This post examines an opinion a federal district court judge recently issued in a civil case involving a former employee’s suit against the company that terminated her employment.
The case is Rene v. G.F. Fishers, Inc., __ F.Supp.2d __, 2011 WL 4349473 (U.S. District Court for the Southern District of Indiana 2011), and this, according to the judge’s opinion, is how it arose:
Lisa M. Rene began working for Defendants G.F. Fishers, Inc. and G.F. Oregon, Inc. at their Southport store in Indianapolis . . . in January 2009. The relationship of Defendants Daniel S. Austad, Rebecca Susan Austad, and Dean Austad to G.F. Fischers, Inc. and G.F. Oregon, Inc., is unclear but irrelevant to the [issues before the court in this instance].

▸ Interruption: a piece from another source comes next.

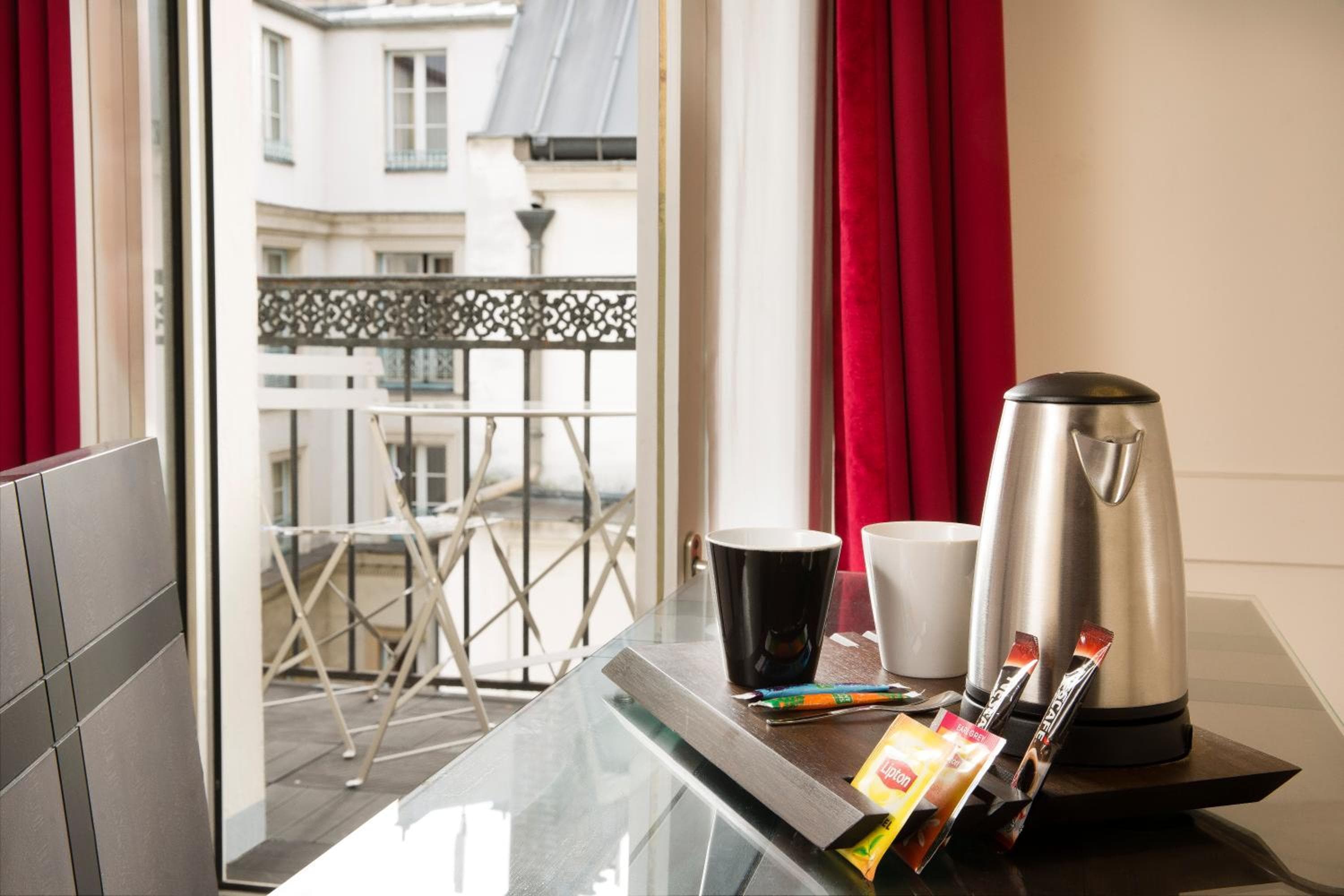 Hotel Mondial — 16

Rene's employment duties included use of the store's personal computer. Before [her] employment, the Defendants installed keylogger software on this computer. This keylogger software recorded all keystrokes made on the store's computer keyboard. It then periodically emailed that information to Dean Austad and other Defendants.
While personal use of the store's computer generally was prohibited, Rebecca and Daniel Austad authorized Rene to access her personal checking account and her personal email account from this computer. After Rene had used the computer to access her email and personal checking accounts, the Defendants informed Rene that they had installed keylogger software on the store's computer.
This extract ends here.